I would like to see the last vid if you wouldn't mind posting it.

----------


## sp9

Cool, will upload now. Might take a while. I have about 8gigs of highlights, and full fights. Let me know what else your interested in and I will see if I have it. 

Yousendit is great. Free to use their bandwidth and computer and you get 25 d/ls or 5 days. Can send up to 1GB files.

----------


## chicamahomico

Thanks. As of late I'm finding it harder to get good quality dvd rips of Pride or UFC events on Kazaa....lots of highlight vids or spliced individual matches but no full events.

----------


## sp9

http://s2.yousendit.com/d.aspx?id=D5...BC40340464AACE

good for 25 d/ls or 5 days. Have at it.

If you have AIM I could add you to my buddy list and you would have access to my collection. PM your screen name if you have one.

----------


## the original jason

the one i meant is 2 cds about his whole life, i can upload it someone if anyone has an ftp??

----------


## chicamahomico

Thanks bro.

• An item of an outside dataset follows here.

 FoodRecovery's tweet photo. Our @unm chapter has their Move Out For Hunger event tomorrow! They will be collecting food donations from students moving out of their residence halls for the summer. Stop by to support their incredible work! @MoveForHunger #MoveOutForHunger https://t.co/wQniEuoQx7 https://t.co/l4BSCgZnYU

I havent got AIM yet just ICQ, MSN and that Yahoo POS. Hopefully someday I'll get off my arse and hook it up. 




> http://s2.yousendit.com/d.aspx?id=D5...BC40340464AACE
> 
> good for 25 d/ls or 5 days. Have at it.
> 
> If you have AIM I could add you to my buddy list and you would have access to my collection. PM your screen name if you have one.


Have you ever used http://www.yousendit.com/howdoesitwork.aspx You can put up a file up to 1GB in size and then people have 1 week to download it. It's like a public ftp site with an expiry date. 




> the one i meant is 2 cds about his whole life, i can upload it someone if anyone has an ftp??

----------


## sp9

Guys...I have right now the following events- UFC 38-49. Then 5 gigs of highlights and full fights too random to name. On the way I have UFC 1-10, first 12 pancrase, gladiator challenge 1-4, kotc 1-8. 

We should turn up this heat in the fighting forum via yousendit.com. That way we don't use AR's bandwidth and we can share some great fights. I am in the process now of converting each dvd into multiple mpegs of just the fights. Taking a while. 

I will upload a good fight for you tonight from ufc 38 and put it in a seperate post.

----------


## Rod Farva

There are about 10 Ramon Dekker vids on Shareaza right now. I haven't seen them to see if any of them are repeats but they seem unique. 

They have that "man behind the KO's" part 1 & 2 which are huge files. Actually upon further inspection some of them seem to be repeats against Koban or Coban or something.

----------


## the original jason

> Guys...I have right now the following events- UFC 38-49. Then 5 gigs of highlights and full fights too random to name. On the way I have UFC 1-10, first 12 pancrase, gladiator challenge 1-4, kotc 1-8


I have every pride, alot of ufc, loads of KOTC, allsorts of other interesting stuff too, i dont mind posting some, however some is on dvd, some on vcd

peace

----------


## Cuttup

THATS one tough little muther [email protected]!!!!

----------


## GQ-Bouncer

sounds like you all have alot more stuff that I do,

I got UFC Greatest hits 1&2 as well the shamrock/ortiz fight

i'm willing to upload it if someones got a site

----------


## the original jason

sorry i forgot about this, ive just set on uploading now i got my 2meg line :Wink:  ill upload ramon dekker - the man behind the KO's its a full length 2 hrs or so film about his life see what happens, i just started it, will upload 2nd half tomorrow

----------


## the original jason

if it works out, ill make a list and people can request stuff i will upload, have everything from last year, latest stuff pride, k1 finals 2004 latest ufc and kotc, i usually get them about 1-2 days after they are on ppv, also lots of older stuff pride 1-20 the earlier gps and stuff when gracies were fighting and sak was the man :Wink: 

peace

----------


## the original jason

sorry the ****ty thing crashed out during the night, just woke up to a page cannot be displayed error, i was dubious about their upload method for large files, any other suggestions?

----------